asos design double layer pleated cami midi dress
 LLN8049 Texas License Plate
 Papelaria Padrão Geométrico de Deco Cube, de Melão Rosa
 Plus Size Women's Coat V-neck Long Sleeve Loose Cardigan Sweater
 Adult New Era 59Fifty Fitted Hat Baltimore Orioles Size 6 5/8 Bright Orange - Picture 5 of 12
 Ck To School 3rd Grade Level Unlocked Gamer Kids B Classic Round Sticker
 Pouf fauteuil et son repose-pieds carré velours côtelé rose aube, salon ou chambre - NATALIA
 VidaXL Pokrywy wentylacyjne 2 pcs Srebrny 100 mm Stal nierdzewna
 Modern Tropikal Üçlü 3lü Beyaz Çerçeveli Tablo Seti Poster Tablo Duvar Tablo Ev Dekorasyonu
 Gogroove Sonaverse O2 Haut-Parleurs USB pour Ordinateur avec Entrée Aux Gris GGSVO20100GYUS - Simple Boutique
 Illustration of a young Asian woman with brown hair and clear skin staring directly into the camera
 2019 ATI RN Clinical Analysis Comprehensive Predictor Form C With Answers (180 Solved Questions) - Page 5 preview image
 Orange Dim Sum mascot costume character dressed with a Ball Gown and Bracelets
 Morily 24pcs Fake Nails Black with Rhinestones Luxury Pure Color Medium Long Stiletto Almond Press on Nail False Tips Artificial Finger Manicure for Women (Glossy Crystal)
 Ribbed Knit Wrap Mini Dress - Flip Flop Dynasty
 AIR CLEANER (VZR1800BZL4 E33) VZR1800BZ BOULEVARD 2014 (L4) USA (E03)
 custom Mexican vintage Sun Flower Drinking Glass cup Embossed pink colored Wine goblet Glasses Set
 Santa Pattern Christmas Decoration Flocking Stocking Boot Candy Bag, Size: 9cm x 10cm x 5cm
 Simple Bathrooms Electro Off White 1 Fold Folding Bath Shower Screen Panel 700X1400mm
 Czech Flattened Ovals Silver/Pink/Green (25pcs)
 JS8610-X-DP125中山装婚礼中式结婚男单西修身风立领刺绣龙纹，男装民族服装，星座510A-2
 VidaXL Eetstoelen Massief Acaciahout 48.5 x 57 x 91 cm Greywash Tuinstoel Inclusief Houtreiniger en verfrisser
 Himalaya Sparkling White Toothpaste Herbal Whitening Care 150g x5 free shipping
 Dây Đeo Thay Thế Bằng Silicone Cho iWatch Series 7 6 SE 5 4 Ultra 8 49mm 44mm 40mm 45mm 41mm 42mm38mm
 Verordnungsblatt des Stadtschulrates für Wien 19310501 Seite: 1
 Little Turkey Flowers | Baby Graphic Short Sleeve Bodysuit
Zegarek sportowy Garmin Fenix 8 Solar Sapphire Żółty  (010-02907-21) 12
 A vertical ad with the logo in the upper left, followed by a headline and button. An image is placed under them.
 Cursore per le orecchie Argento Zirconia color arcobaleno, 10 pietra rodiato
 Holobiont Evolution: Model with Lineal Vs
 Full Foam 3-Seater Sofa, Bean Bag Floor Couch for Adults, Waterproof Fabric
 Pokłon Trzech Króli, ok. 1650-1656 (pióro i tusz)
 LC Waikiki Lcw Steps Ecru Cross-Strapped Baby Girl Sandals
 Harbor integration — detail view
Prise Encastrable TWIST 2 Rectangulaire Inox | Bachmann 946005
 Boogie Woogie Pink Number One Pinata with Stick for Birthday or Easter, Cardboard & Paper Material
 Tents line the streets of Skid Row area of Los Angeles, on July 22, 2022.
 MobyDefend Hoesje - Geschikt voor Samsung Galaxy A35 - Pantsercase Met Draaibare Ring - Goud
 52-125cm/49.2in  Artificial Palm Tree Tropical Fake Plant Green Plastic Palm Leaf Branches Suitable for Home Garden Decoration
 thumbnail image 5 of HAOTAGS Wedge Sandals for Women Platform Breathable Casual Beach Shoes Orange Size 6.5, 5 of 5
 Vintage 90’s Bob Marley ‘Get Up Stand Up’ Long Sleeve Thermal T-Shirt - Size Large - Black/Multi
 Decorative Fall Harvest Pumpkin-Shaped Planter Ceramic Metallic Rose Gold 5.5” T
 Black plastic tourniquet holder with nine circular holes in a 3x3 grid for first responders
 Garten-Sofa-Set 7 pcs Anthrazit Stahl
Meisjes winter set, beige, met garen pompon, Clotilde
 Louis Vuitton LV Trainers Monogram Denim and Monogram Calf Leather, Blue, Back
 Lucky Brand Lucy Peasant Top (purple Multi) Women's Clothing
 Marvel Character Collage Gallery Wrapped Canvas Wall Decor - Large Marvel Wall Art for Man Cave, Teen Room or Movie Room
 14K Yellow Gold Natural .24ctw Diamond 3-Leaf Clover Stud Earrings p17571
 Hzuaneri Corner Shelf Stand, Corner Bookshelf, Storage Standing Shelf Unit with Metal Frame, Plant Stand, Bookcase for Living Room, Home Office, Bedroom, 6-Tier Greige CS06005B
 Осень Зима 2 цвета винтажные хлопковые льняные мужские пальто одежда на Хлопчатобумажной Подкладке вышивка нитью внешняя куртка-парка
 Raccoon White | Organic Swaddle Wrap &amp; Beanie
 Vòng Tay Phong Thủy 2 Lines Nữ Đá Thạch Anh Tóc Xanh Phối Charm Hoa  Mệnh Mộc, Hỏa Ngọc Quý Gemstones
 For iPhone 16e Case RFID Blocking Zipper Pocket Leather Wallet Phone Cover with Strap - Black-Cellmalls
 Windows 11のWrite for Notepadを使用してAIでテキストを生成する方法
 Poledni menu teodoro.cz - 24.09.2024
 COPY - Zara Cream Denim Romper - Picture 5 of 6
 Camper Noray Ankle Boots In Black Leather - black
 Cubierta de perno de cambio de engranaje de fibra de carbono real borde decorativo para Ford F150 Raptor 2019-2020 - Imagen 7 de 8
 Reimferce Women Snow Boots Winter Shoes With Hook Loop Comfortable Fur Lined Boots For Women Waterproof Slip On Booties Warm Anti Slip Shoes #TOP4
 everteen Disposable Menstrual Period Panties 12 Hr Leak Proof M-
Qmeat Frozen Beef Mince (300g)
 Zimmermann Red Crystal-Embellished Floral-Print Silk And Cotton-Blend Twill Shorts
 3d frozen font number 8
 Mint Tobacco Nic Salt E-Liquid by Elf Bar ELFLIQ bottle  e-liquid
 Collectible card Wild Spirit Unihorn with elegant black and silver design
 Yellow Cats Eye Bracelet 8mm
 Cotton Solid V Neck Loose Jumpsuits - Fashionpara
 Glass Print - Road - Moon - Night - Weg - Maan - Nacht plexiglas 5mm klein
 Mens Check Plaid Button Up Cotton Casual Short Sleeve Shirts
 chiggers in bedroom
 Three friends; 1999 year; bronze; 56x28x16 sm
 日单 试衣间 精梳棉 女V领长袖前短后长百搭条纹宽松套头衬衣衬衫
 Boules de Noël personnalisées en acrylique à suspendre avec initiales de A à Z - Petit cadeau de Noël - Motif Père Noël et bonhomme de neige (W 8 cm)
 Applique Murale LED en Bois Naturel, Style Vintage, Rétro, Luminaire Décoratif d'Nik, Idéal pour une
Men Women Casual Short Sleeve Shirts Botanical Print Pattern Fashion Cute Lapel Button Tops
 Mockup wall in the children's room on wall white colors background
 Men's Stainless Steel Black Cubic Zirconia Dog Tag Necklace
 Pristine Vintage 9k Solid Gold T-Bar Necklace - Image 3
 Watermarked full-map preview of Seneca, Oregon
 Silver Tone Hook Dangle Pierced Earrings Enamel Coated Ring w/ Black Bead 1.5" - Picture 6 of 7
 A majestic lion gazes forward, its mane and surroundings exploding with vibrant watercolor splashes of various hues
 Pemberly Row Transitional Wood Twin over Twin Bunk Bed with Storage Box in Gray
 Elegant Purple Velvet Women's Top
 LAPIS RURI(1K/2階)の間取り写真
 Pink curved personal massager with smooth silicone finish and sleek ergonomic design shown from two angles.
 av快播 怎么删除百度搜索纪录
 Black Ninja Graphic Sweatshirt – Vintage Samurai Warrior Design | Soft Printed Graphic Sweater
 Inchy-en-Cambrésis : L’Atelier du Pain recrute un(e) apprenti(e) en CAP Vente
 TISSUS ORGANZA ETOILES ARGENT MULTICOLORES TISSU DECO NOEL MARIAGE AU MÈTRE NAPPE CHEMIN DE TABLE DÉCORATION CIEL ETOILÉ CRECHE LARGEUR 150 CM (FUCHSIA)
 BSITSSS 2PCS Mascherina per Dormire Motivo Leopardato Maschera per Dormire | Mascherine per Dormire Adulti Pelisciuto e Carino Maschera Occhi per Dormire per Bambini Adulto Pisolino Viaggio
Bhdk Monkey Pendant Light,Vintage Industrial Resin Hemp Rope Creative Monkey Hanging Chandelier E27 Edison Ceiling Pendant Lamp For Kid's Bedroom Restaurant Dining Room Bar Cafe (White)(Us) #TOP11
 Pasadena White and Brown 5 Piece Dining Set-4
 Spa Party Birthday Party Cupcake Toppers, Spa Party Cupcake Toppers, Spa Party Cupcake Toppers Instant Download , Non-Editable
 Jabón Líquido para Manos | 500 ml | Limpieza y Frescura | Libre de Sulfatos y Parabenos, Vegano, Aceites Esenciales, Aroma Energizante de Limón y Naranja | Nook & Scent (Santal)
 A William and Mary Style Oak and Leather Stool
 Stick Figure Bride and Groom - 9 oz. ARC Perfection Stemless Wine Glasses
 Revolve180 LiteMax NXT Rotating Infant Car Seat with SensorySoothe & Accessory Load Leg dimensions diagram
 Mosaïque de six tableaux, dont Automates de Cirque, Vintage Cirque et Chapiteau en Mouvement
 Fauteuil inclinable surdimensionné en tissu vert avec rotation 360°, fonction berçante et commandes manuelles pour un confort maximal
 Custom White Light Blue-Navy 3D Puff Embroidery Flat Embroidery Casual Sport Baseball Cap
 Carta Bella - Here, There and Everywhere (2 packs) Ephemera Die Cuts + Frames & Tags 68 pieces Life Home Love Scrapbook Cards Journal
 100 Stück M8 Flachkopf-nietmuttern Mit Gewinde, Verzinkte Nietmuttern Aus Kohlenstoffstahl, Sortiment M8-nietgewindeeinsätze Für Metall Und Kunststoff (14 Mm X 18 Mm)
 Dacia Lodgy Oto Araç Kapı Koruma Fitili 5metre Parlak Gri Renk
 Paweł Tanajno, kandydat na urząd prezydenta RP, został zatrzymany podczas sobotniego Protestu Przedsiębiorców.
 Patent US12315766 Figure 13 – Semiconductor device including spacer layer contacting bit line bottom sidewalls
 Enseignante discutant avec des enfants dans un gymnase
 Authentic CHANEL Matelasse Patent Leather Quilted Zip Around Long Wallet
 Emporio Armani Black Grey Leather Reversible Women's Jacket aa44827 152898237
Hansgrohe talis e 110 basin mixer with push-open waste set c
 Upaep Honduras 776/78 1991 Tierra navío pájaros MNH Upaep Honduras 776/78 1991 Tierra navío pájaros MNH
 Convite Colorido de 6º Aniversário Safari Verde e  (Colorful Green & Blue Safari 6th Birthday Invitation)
*-*-*
Task requirements
Working from the data above, extract solely the lines from the one containing "Himalaya Sparkling White" through the one containing "MobyDefend Hoesje - Geschikt", exactly as they appear, both included.

Task answer
 Himalaya Sparkling White Toothpaste Herbal Whitening Care 150g x5 free shipping
 Dây Đeo Thay Thế Bằng Silicone Cho iWatch Series 7 6 SE 5 4 Ultra 8 49mm 44mm 40mm 45mm 41mm 42mm38mm
 Verordnungsblatt des Stadtschulrates für Wien 19310501 Seite: 1
 Little Turkey Flowers | Baby Graphic Short Sleeve Bodysuit
Zegarek sportowy Garmin Fenix 8 Solar Sapphire Żółty  (010-02907-21) 12
 A vertical ad with the logo in the upper left, followed by a headline and button. An image is placed under them.
 Cursore per le orecchie Argento Zirconia color arcobaleno, 10 pietra rodiato
 Holobiont Evolution: Model with Lineal Vs
 Full Foam 3-Seater Sofa, Bean Bag Floor Couch for Adults, Waterproof Fabric
 Pokłon Trzech Króli, ok. 1650-1656 (pióro i tusz)
 LC Waikiki Lcw Steps Ecru Cross-Strapped Baby Girl Sandals
 Harbor integration — detail view
Prise Encastrable TWIST 2 Rectangulaire Inox | Bachmann 946005
 Boogie Woogie Pink Number One Pinata with Stick for Birthday or Easter, Cardboard & Paper Material
 Tents line the streets of Skid Row area of Los Angeles, on July 22, 2022.
 MobyDefend Hoesje - Geschikt voor Samsung Galaxy A35 - Pantsercase Met Draaibare Ring - Goud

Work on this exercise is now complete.